The data must be given again exactly as written, with all images omitted.

•••••

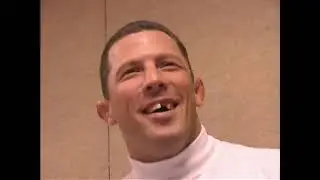 UFC 28 BEHIND THE SCENES 3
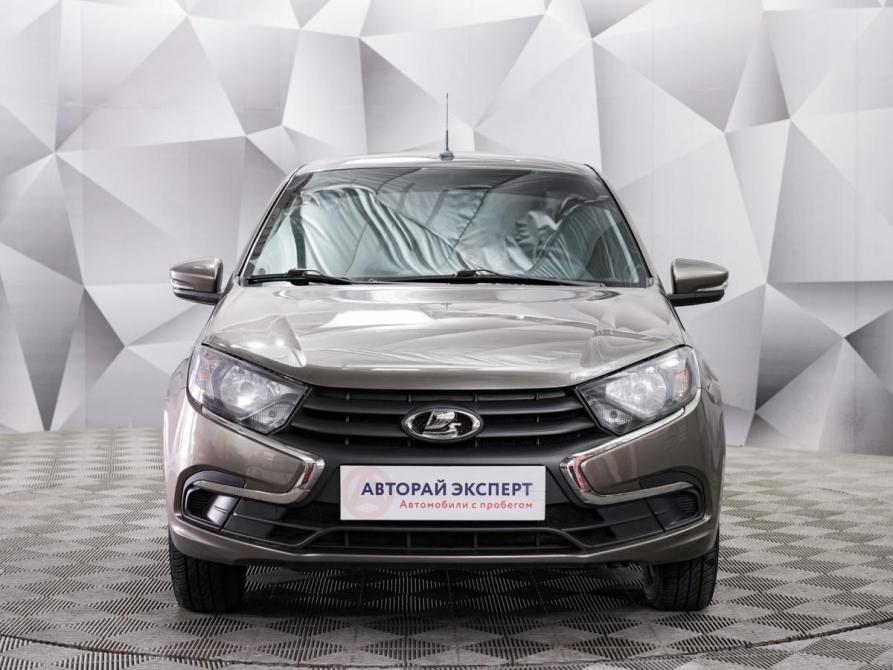 Lada (ВАЗ) Granta I Рестайлинг Ульяновск  - изображение 8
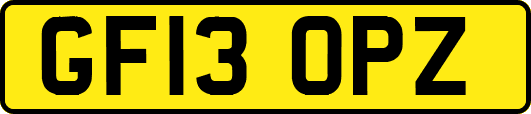 GF13OPZ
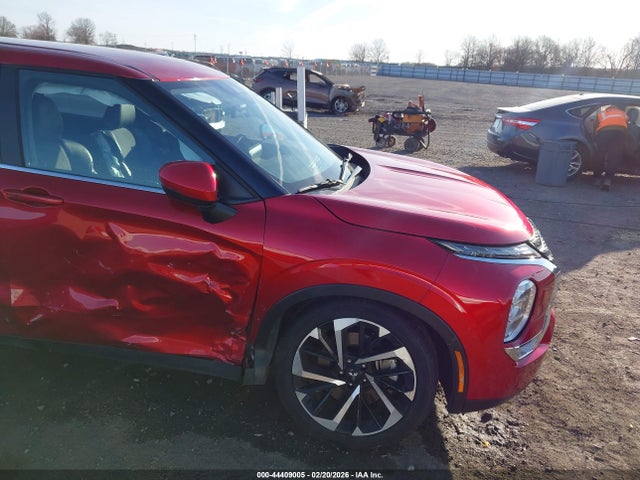 2024 MITSUBISHI OUTLANDER JA4J4VA80RZ059370 Photo 5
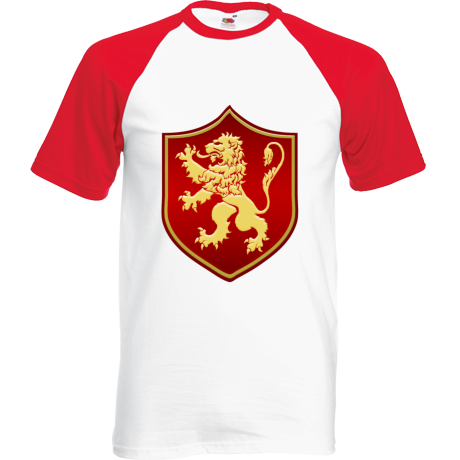 Koszulka bejsbolówka „House Lannister Sigil”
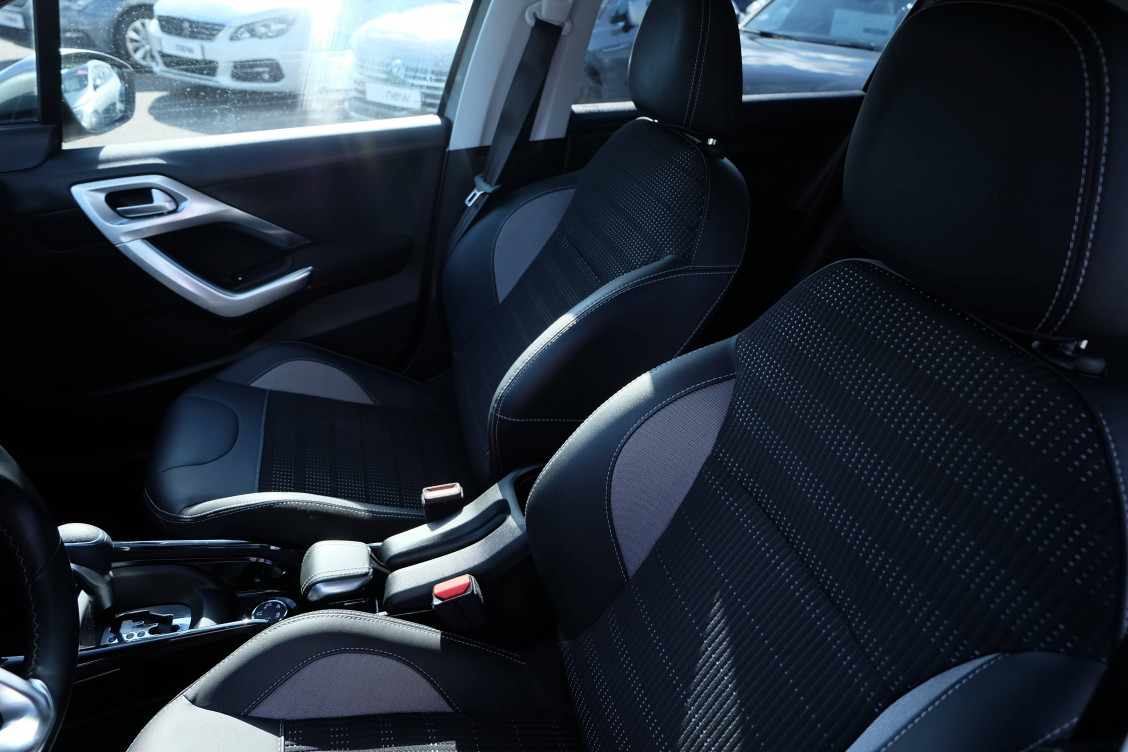 Acheter Peugeot 2008 2008 PureTech 110ch S&S EAT6 Allure 5p occasion dans les concessions du Groupe Faurie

•••••

*RESPONSE TO THIS EXERCISE:*
 UFC 28 BEHIND THE SCENES 3
 Lada (ВАЗ) Granta I Рестайлинг Ульяновск  - изображение 8
 GF13OPZ
 2024 MITSUBISHI OUTLANDER JA4J4VA80RZ059370 Photo 5
 Koszulka bejsbolówka „House Lannister Sigil”
 Acheter Peugeot 2008 2008 PureTech 110ch S&S EAT6 Allure 5p occasion dans les concessions du Groupe Faurie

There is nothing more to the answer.